Franziska Hartmann war schon in dem ZDF-Drama "Sterne über uns" (2020) formidabel; sie spielte darin eine Frau, die ihre Wohnung verliert und mit ihrem Sohn in den Wald zieht. Mittlerweise ist sie so etwas wie eine Expertin für komplexe Charakterstudien. Ähnlich herausragend war sie in "Tödliche Flut" (2021); in dem "Tatort" mit Wotan Wilke Möhring und Franziska Weisz verkörperte sie eine Journalistin, die sich als einzige Zeugin einer vermeintlichen Verschwörung in einem Graubereich zwischen Wahn und Wirklichkeit bewegte. In "Kalt" erweist sie sich erneut als hervorragende Besetzung, weil sich dank ihrer Leistung unangenehm gut nachvollziehen lässt, was in Kathleen vor sich geht. Eine kurze Szene könnte gar aus einem Psychothriller stammen, als die Erzieherin mit Melanie spricht. Die Mutter des ertrunkenen Jungen wirkt in ihrer tiefen Trauer völlig ausgebrannt und zu keinen Emotionen mehr fähig, bis sie plötzlich doch noch wütend wird; aber in dieser kurzen Einstellung sitzt dort nicht Melanie, sondern die zornige Kathleen.
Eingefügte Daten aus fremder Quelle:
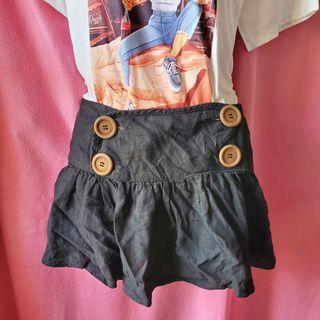 Kamiseta black mini skirt buttons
Nicht minder gruselig wirkt die Mutter, als Kathleens Sohn sie besuchen kommt und sie den Jungen anschaut, als wolle sie ihn umbringen, damit Kathleen spürt, wie es sich anfühlt, ein Kind zu verlieren. 

Eine weitere Schlüsselrolle spielt Anne Ratte-Polle als Ermittlerin. Die Polizistin verurteilt die Erzieherin nicht, sie lässt sich geduldig und empathisch den Ablauf des Spaziergangs schildern. In der Sache hat Kathleen jedoch nicht mit Milde zu rechnen: Die betroffenen Eltern haben Strafanzeige gestellt. Als sich ihr buchstäblich im Traum offenbart, dass sie während des Spaziergangs eine Minute lang abgelenkt war, kommt mit der Erkenntnis dieses Momentversagens eine neue Farbe in die Geschichte: Ihr Mann (Bozidar Kocevski) beschwört sie, dieses Detail für sich zu behalten und etwaige Beweise zu vertuschen. Er besorgt ihr eine Anwältin (Deniz Orta), die sie auffordert, Hinweise zu sammeln, die Jenny belasten. Nun steckt Kathleen zusätzlich zu ihrem Trauma auch noch in der Zwickmühle: Folgt sie ihrem moralischen Kompass, muss sie womöglich ins Gefängnis. Neben den filmischen und den darstellerischen Qualitäten sorgt auch dieser Aspekt für Anteilnahme: Wie würde ich mich entscheiden? 

Der Pädagoge Hans-Ullrich Krause ist Mitglied der Geschäftsführung des Kinderhauses Berlin Mark Brandenburg und Vorsitzender der Internationalen Gesellschaft für erzieherische Hilfen; für sein Drehbuch zu dem ARD-Drama "Der Fall Bruckner" mit Corinna Harfouch als Frau vom Jugendamt, die selbst zu einem Fall wird, hat er 2015 den Grimme-Preis bekommen. Regisseur Lacant hat zuletzt die ZDF-Serie "Der Überfall" (2022) und in früheren Jahren schon einige bemerkenswerte Eltern/Kind-Geschichten gedreht, darunter "Toter Winkel" (2017), ein Drama mit Herbert Knaup als Familienvater, der zufällig rausfindet, dass sein Sohn rechtsradikal ist, oder "Für meine Tochter" (2018), ein Drama mit Dietmar Bär als verwitweter Vater, der ins syrische Kriegsgebiet reist, um seine Tochter zurückzuholen.